[TASK OBJECTIVE] Return each line of the data below exactly, omitting any pictures.
[AVAILABLE DATA — start]
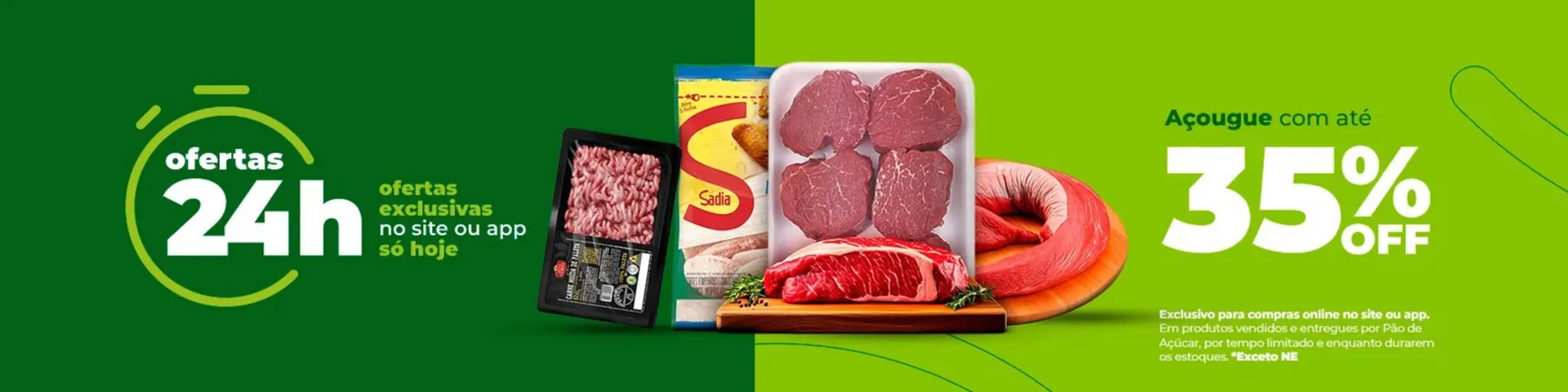 Encarte de Folheto Pão de Açúcar 26 de fevereiro até 26 de fevereiro 2026 - Pagina 2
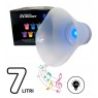 Secchiello Ghiaccio Cestello 7 L LED RGB Ice Bucket for category_name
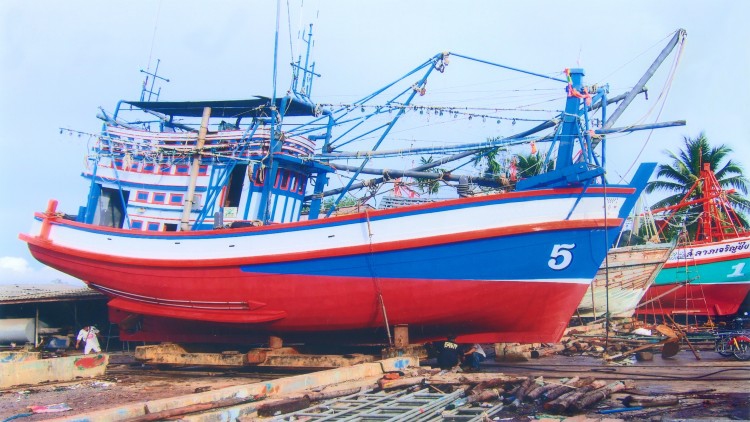 อสป. ยกระดับ"ท่าเทียบเรือภูเก็ต" หวัง เป็นศูนย์กลางด้านการประมงทูน่าในภูมิภาค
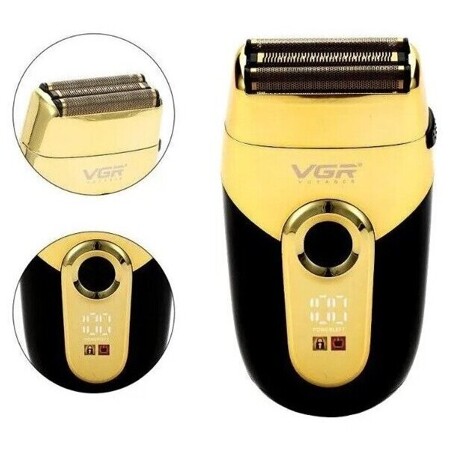 VGR V-383 , золотой: характеристики и цены
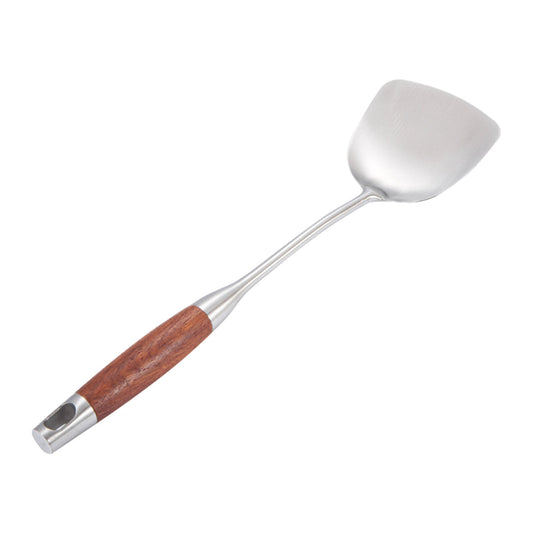 JWDX Tableware Clearance, Metal Spatula Cooking Utensils Metal Spatula for Skillet Stainless Grill Bbq V1189-LWWAL-20260325-02018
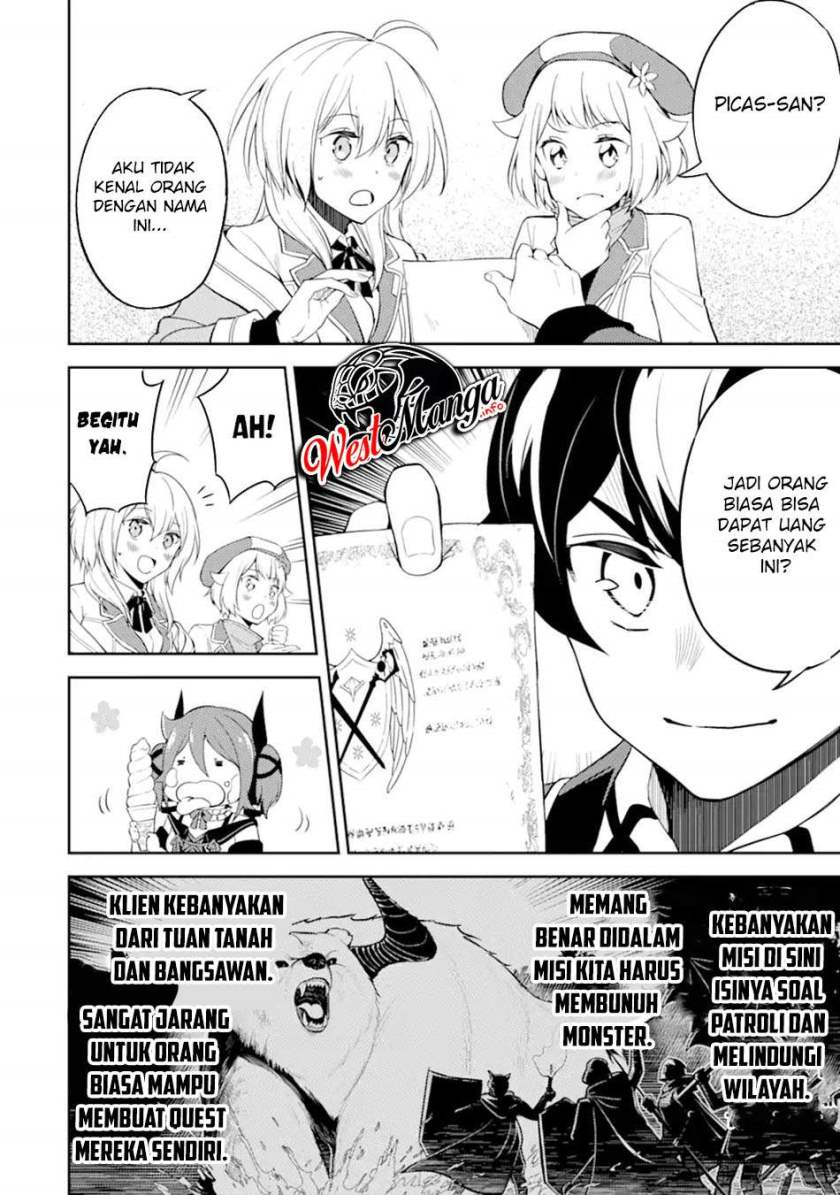 shikkakumon-no-saikyou-kenja - Chapter: 48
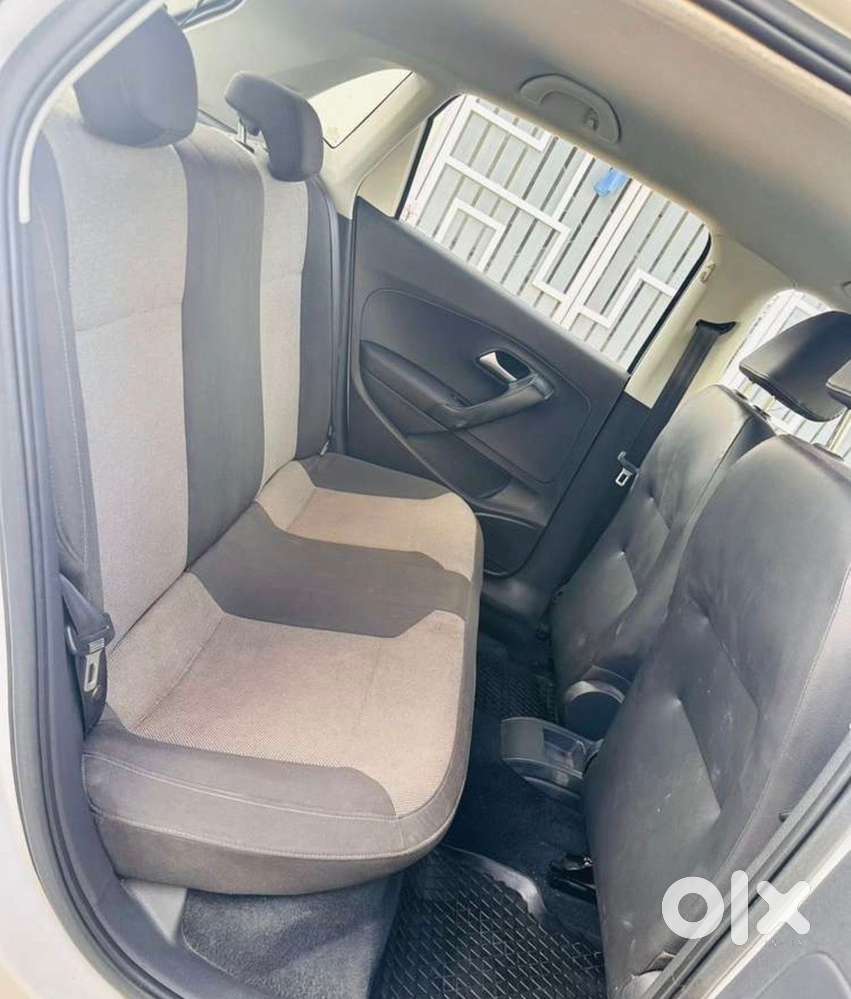 Volkswagen Polo 2017 Gt Petrol Good Condition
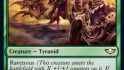 MTG Warhammer 40k Tyranid cards - Hormagaunt Horde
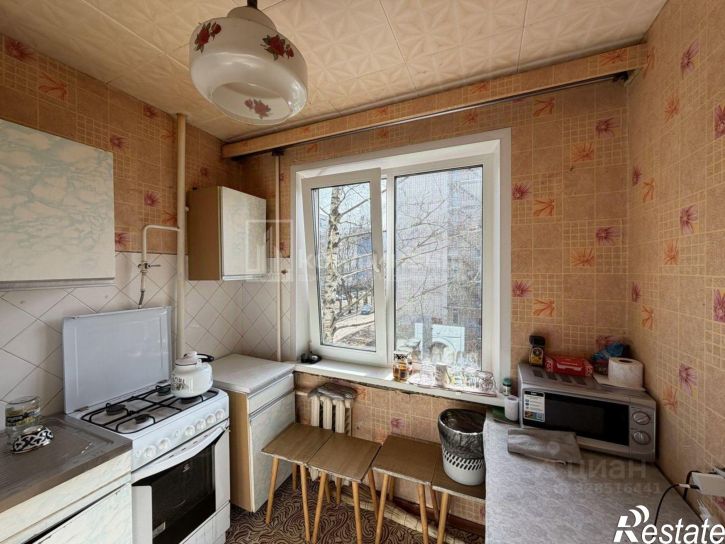 2-комн квартира улица Комиссарова, 47,  д. 47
[AVAILABLE DATA — finish]
[REPLY TO THE TASK]
 Encarte de Folheto Pão de Açúcar 26 de fevereiro até 26 de fevereiro 2026 - Pagina 2
 Secchiello Ghiaccio Cestello 7 L LED RGB Ice Bucket for category_name
 อสป. ยกระดับ"ท่าเทียบเรือภูเก็ต" หวัง เป็นศูนย์กลางด้านการประมงทูน่าในภูมิภาค
 VGR V-383 , золотой: характеристики и цены
 JWDX Tableware Clearance, Metal Spatula Cooking Utensils Metal Spatula for Skillet Stainless Grill Bbq V1189-LWWAL-20260325-02018
 shikkakumon-no-saikyou-kenja - Chapter: 48
 Volkswagen Polo 2017 Gt Petrol Good Condition
 MTG Warhammer 40k Tyranid cards - Hormagaunt Horde
 2-комн квартира улица Комиссарова, 47,  д. 47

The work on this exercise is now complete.